EIA data on petroleum product supplied shows it reaching the 2015-2019 average in recent weeks, as more people travel, on land and by air, and as schools, services and workplaces re-opening. In the week ending 2 April, US petroleum product supplied totalled 19.2m bpd, a 33.2% increase from the same week in 2020 which was at the height of the first US lockdown. Compared to the same week in 2019, products supplied was down 5.3%.
Production slower to recover than domestic demand
Unlike product supplied, crude oil production has been averaging around 11m bpd since mid-November, excluding recent weather-related disruptions. This compares to a pre-pandemic level of 13m bpd that was being produced in the first three months of 2020.
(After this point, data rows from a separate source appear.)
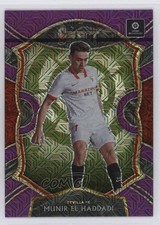 2020 Panini Chronicles Select La Liga Purple Mojo Prizm Munir El Haddadi #24 2c0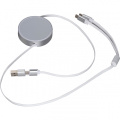 Ladekabel aus recyceltem Aluminium Ostend, grau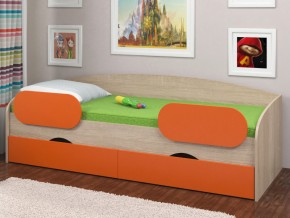 Кровать Соня 2 сонома-оранжевый в Асбесте - asbest.magazinmebel.ru | фото - изображение 2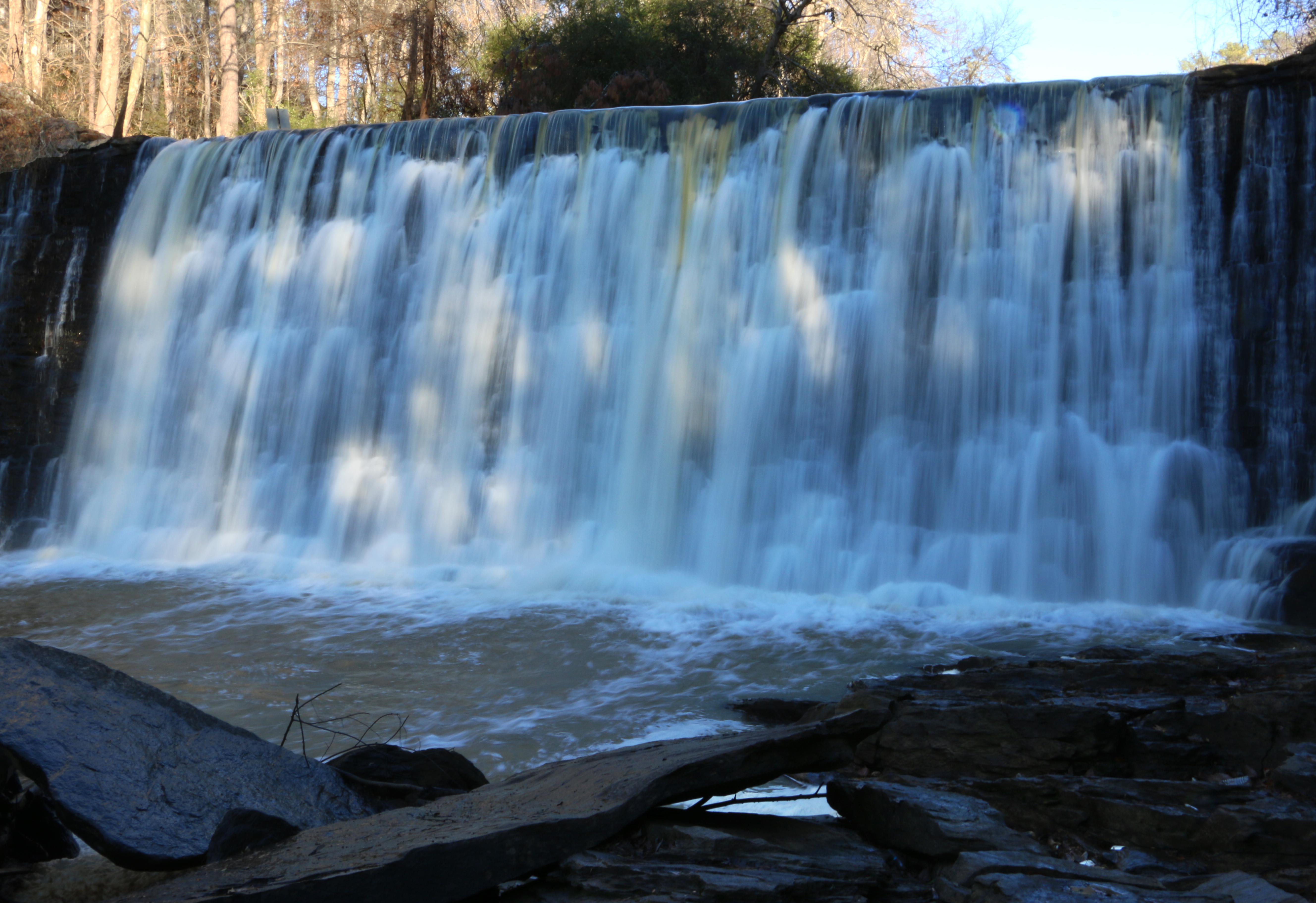 Roswell Mill Waterfall on the Chattahoochee, Atlanta [OC] [5315
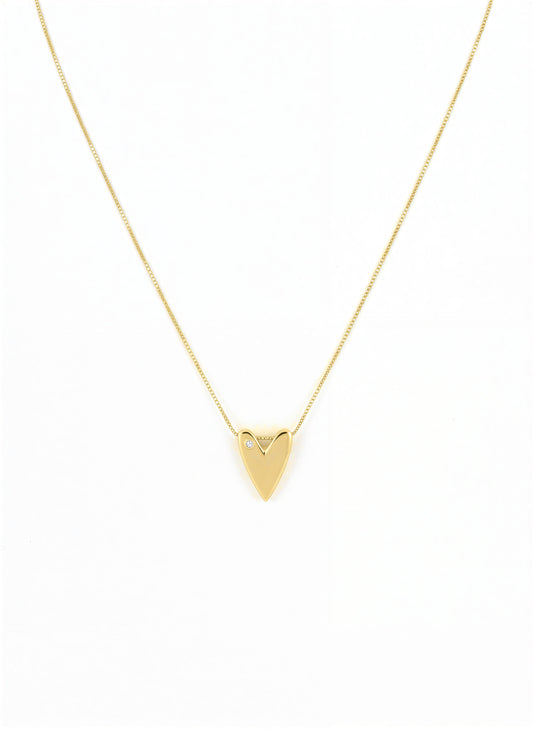 Collar veneciana con corazon - 47 cm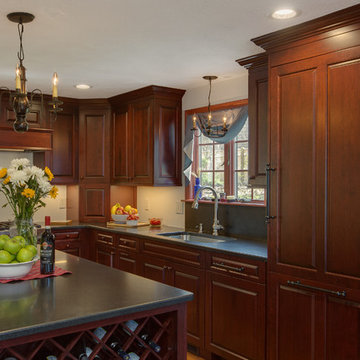 Classic Nashua Colonial Burgundy Kitchen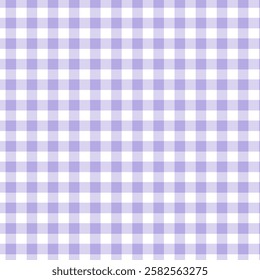 Pastel Blue Gingham seamless pattern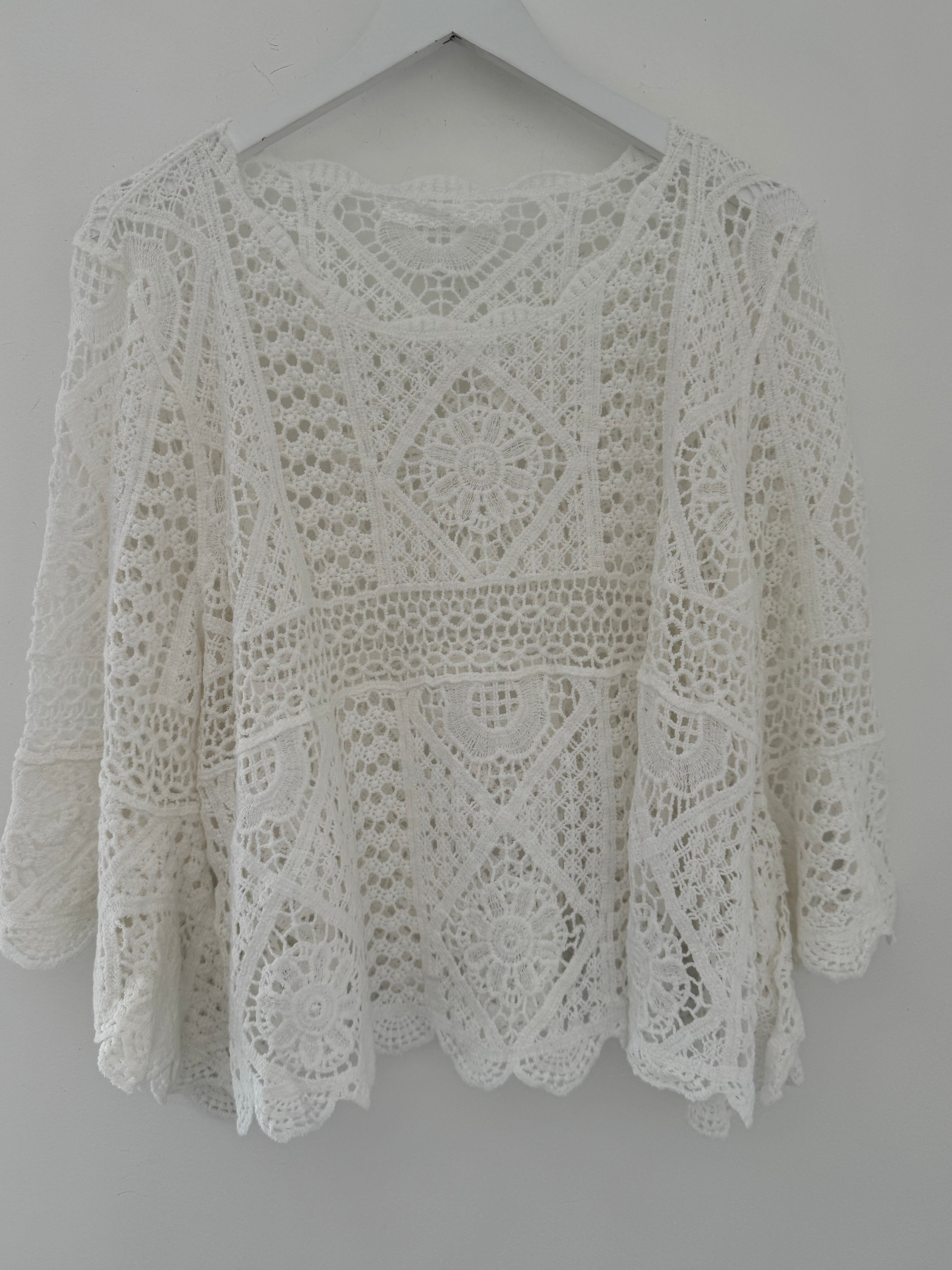 Crochet Knit in Ivory
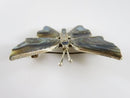 Vintage 1950's Abalone Inlay Butterfly Pin Sterling Silver Taxco Mexico RS 925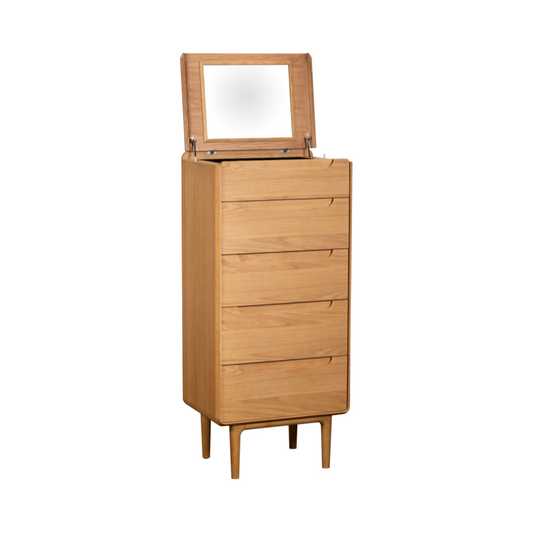 G Plan Winchester 5 Drawer Tall Chest with Mirror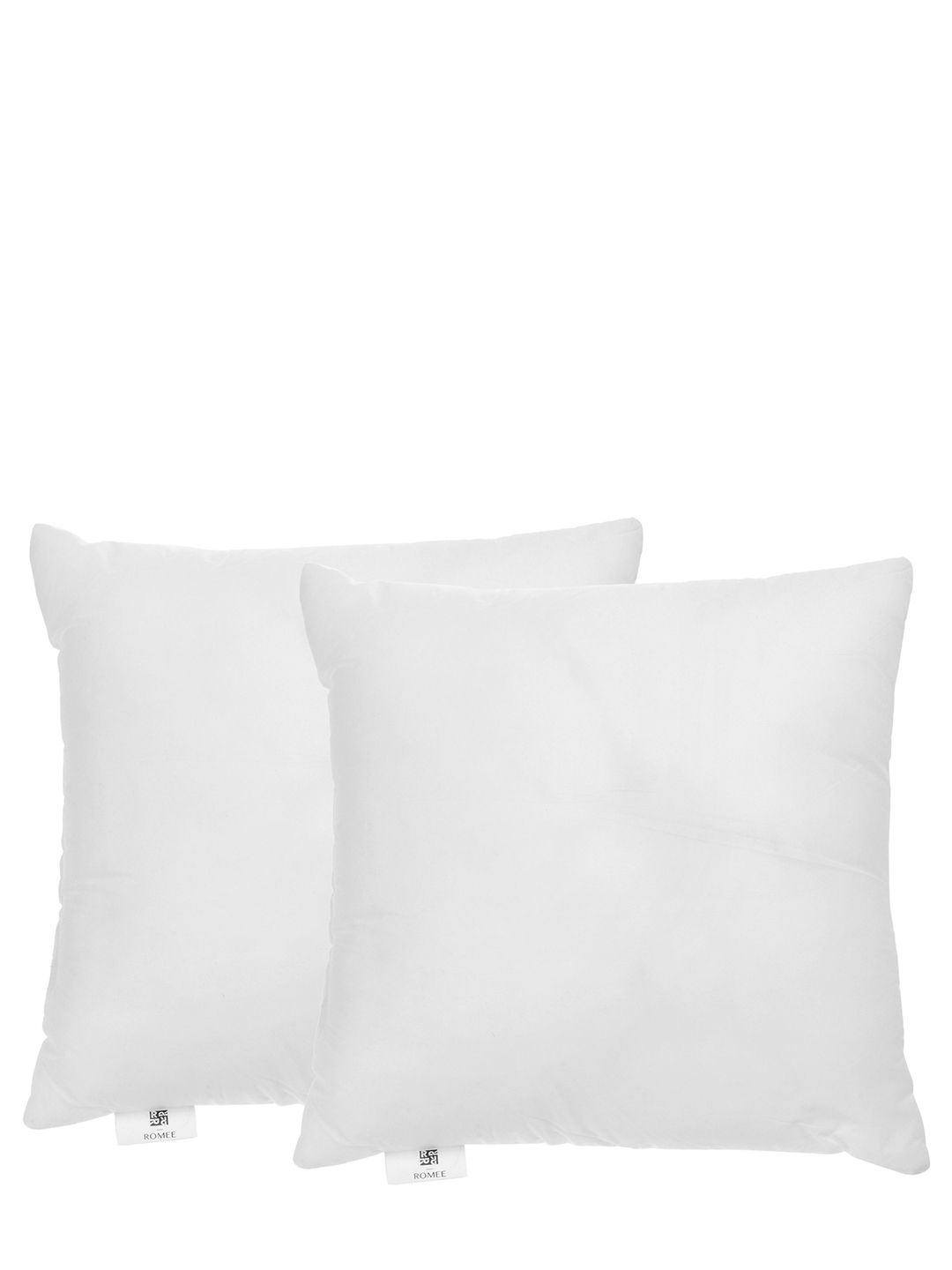 ROMEE Set of 2 White Single Fibre 16" x 16" Square Cushions Price in India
“The recovery in oil prices and gradual recovery in global oil demand means that US crude oil production will grow from its current level, although a return to pre-pandemic levels in unlikely until well into 2022, if at all. For tanker shipping, the higher the share of global exports that comes from the US, the better, given the longer sailing distances,” Sand says.
“However, with the OPEC+ alliance trying to find the balance between a high oil price and market share, the strong growth in US exports that has offered support to the tanker shipping industry since 2016, cannot necessarily be relied on going forward,” says Sand.